In [25]:
from flask import Flask, render_template, request
from nltk.corpus import stopwords
from nltk.tokenize import word_tokenize
import pandas as pd
import pickle
from sklearn.feature_extraction.text import HashingVectorizer

In [26]:
# loading in the pickled model
clf2 = pickle.load(open('logReg_model', 'rb'))

In [27]:
# importing x_train data
X_train = pd.read_csv("raw_data_econ/X_train_econ.csv", encoding="'iso-8859-1'")
X_train.head()

Unnamed: 0.1,Unnamed: 0,abstract
0,1788,Conventional explanations post-1991 growth Ind...
1,2167,We review nonparametric `` revealed preference...
2,976,We study role domestic global factors payoffs ...
3,2132,This paper part conference `` Beyond Pillar 3 ...
4,1389,We study effects securitization interbank lend...


In [28]:
# function to clean text 
stop_words = set(stopwords.words('english'))
def clean_text(text):
    word_tokens = word_tokenize(text)
    filtered_sentence = []
    for w in word_tokens:
        if w not in stop_words:
            filtered_sentence.append(w)
    string = ' '.join(filtered_sentence)
    return string

# testing clean_text()
test = "This is only a test!

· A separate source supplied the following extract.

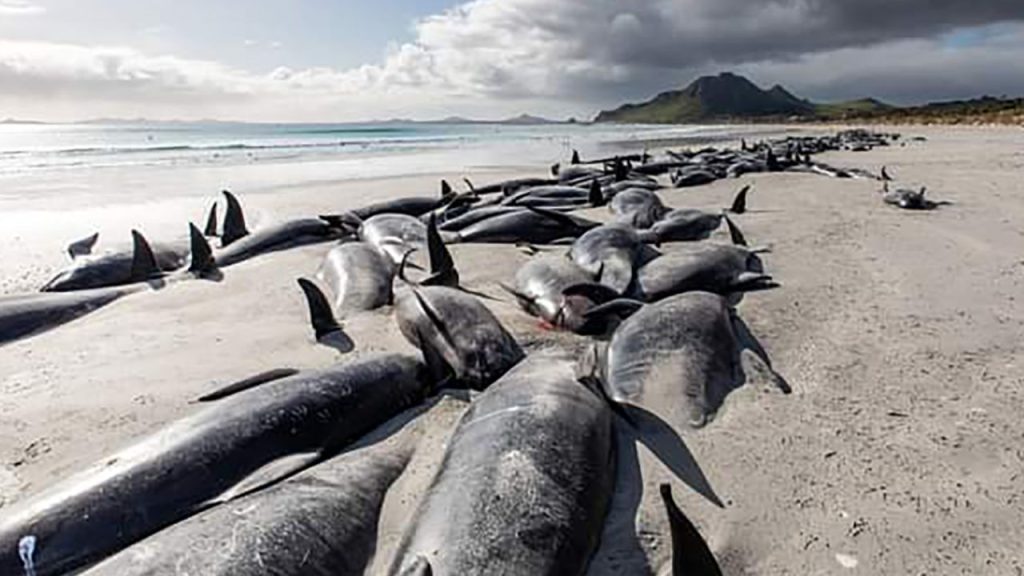 500 whales washed ashore on New Zealand islands and died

Testing, testing, and a 1, and a 2, and a 3!"
cleaned = clean_text(test)
cleaned

'This test ! Testing , testing , 1 , 2 , 3 !'

In [29]:
# Function to predict if an input string is likely to be in top journal
# note: copy/pasted from Econ_machineLearn.ipynb
hash_vectorizer = HashingVectorizer(analyzer='word', ngram_range=(1, 2))
hash_vectorizer.fit(X_train)
def model_predict(s):
    string = []
    string.append(s)
    vectorized = hash_vectorizer.transform(string)
    probab = round(max(clf2.predict_proba(vectorized)[0])* 100, 2) 
    prediction = clf2.predict(vectorized)[0]
    if prediction == 1:
        result = "Predicted to be in the top 20 Economics journals"
    else:
        result = "Predicted to NOT be in the top 20 Economics journals"
    return result + " with a probability of " + str(probab) + "%."

#testing
prediction = model_predict(cleaned)
prediction

'Predicted to NOT be in the top 20 Economics journals with a probability of 67.06%.'

In [30]:
# initialize flask 
app = Flask(__name__)    

In [31]:
# render the homepage
@app.route("/")
def render_index():
     return render_template('index_econ.html')

In [32]:
# When user submits text, returns prediction
@app.route("/", methods=["POST"])
def post_form():
    text = request.form['text']
    text_clean = clean_text(text)
    predict = model_predict(text_clean)
    return predict
    

In [None]:
# run app
if __name__=='__main__':
    app.run()